In Bishkek, several gay bars have opened since 1998, when Kyrgyzstan decriminalized sexual relations between men. But the majority of gay men recently surveyed in the capital said they have been physically or psychologically abused because of their sexual orientation. Many pointed to continuing discrimination in public places, such as bars and restaurants, from where they are often asked to leave.

Aleksei Vashchenko, a gay man living in Bishkek, told RFE/RL that policemen often try to extort homosexuals. "There were cases when law-enforcement bodies have blackmailed representatives of sexual minorities, saying that they will tell [their staff members] at work, or their parents and relatives that that person is a homosexual," he said. "However, they would not have the opportunity to bring them before a criminal court, as it was before 1998."

Bishkek-based Oasis is a Kyrgyz nongovernmental organization working to protect the rights of gay men. The organization's head, Vladimir Tyupin, said Oasis is working with an increasing number of gays. But he noted that the majority of the estimated 35,000 homosexuals in Bishkek choose to keep their sexual orientation secret out of fear of public censure or isolation by friends and family.

"We established an initiative group in 1995. It consisted of merely 37 people. Now it already has about 7,000 people," Tyupin said.

Lesbian relationships in the Soviet Union were not policed as strictly as men. Lesbians were often sent to psychiatric institutions. In Central Asia today, as in the past, laws do not refer specifically to lesbians, but they say their lives are similarly difficult.

Earlier this month, lesbians in Kyrgyzstan launched a support group called Labrys. It is planning to publish a monthly magazine and open a telephone hot line and resource center to provide lesbians with psychological and legal support.

For the most part, the region's religious leaders, such as Kyrgyzstan's Mufti Murataly Ajy Jumanov, have shown little tolerance toward sexual minorities. "According to the Koran and Shari'a [Islamic law], men should marry women and nobody else. Women have to give their bodies and spirits to men. Islamic law absolutely refuses such [homosexual] connection between men and women. It is illegal and inhuman," Jumanov said.

Igor Dronov, a senior priest of the Russian Orthodox Church in Bishkek, told the United Nations' IRIN news service that tolerance "washes out the essence of absolute moral values."

However, Roman Knyazev, from the Kazakh gay website, stresses that sexual minorities are no different from anyone else. "We are not different from straight people," he said. "We have household problems like them, the same concerns about the present and the future."

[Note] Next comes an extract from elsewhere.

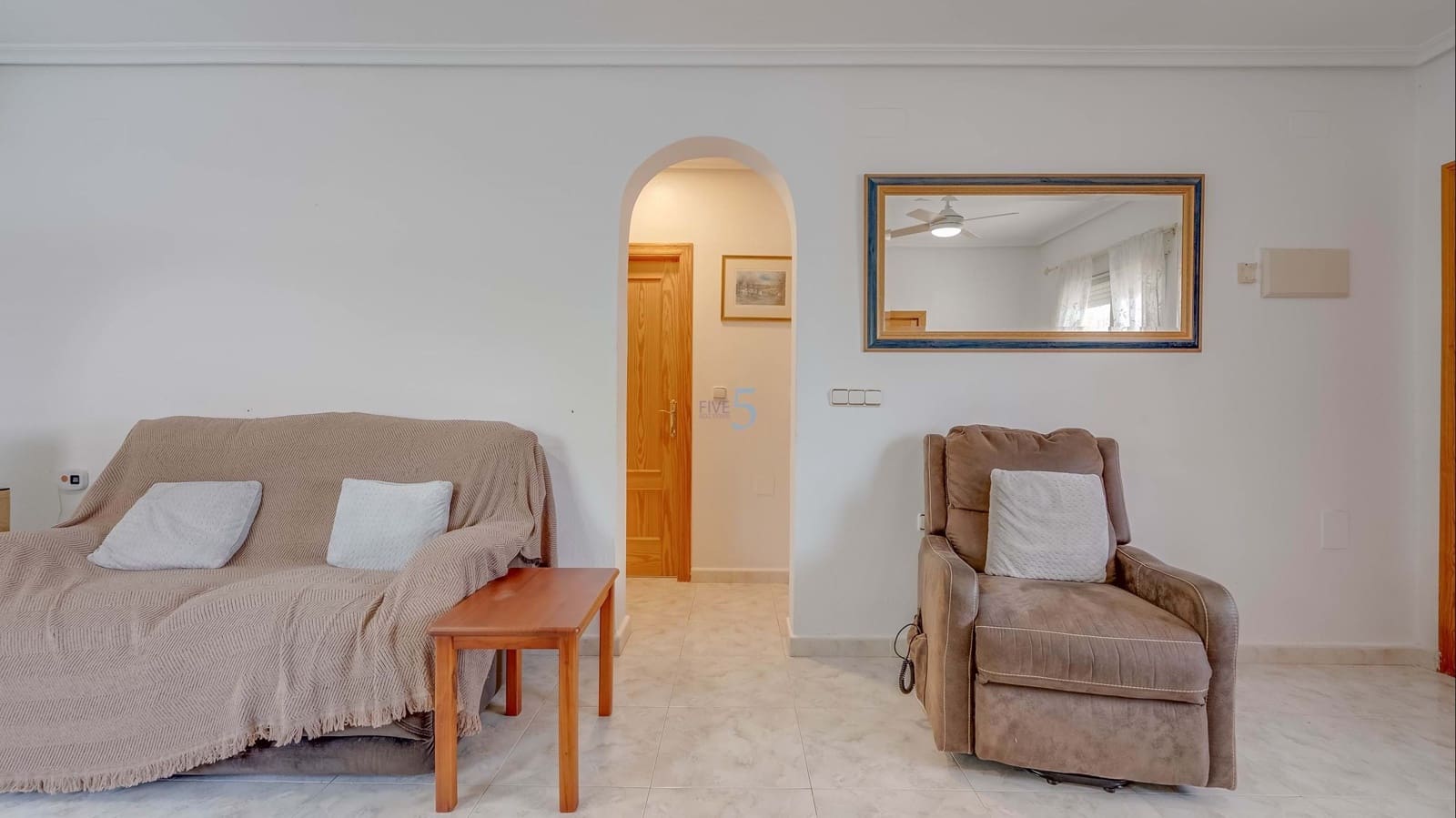 3 soverom Villa til salgs i Pinar de Campoverde med svømmebasseng garasje - € 284 950 (Ref: 9793681)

While Kazakhstan and Kyrgyzstan have decriminalized homosexuality, the countries' legal systems have not taken firm steps to secure the rights of gays and lesbians.

Donald Bisson, who works for the International Lesbian and Gay Association in Brussels, explains why: "In all countries, the movement begins by individuals deciding that it's time to do something. That means starting an NGO and then interacting with the government on issues of regulations, laws or discrimination. In Central Asia, it will be more difficult because the governments have not bought into the idea that gay rights are human rights. They always say this is being forced upon them by the West. They use that argument not to move forward in a positive way."

Despite the difficulties faced by sexual minorities in Kyrgyzstan and Kazakhstan, gays and lesbians there enjoy relative tolerance when compared to neighboring states. The majority of gays in Tajikistan keep their sexual orientation hidden, although homosexual acts were decriminalized there in 1998.

In 2003, a public-opinion survey revealed a particularly negative attitude toward gays. According to a local NGO that advocates gay rights, Tajik police routinely harass gays once they have revealed their sexual preferences.

In Turkmenistan and Uzbekistan, sex between men is still punishable by up to two and three years in prison, respectively.

(RFE/RL's Kazakh, Kyrgyz, and Tajik services contributed to this report.)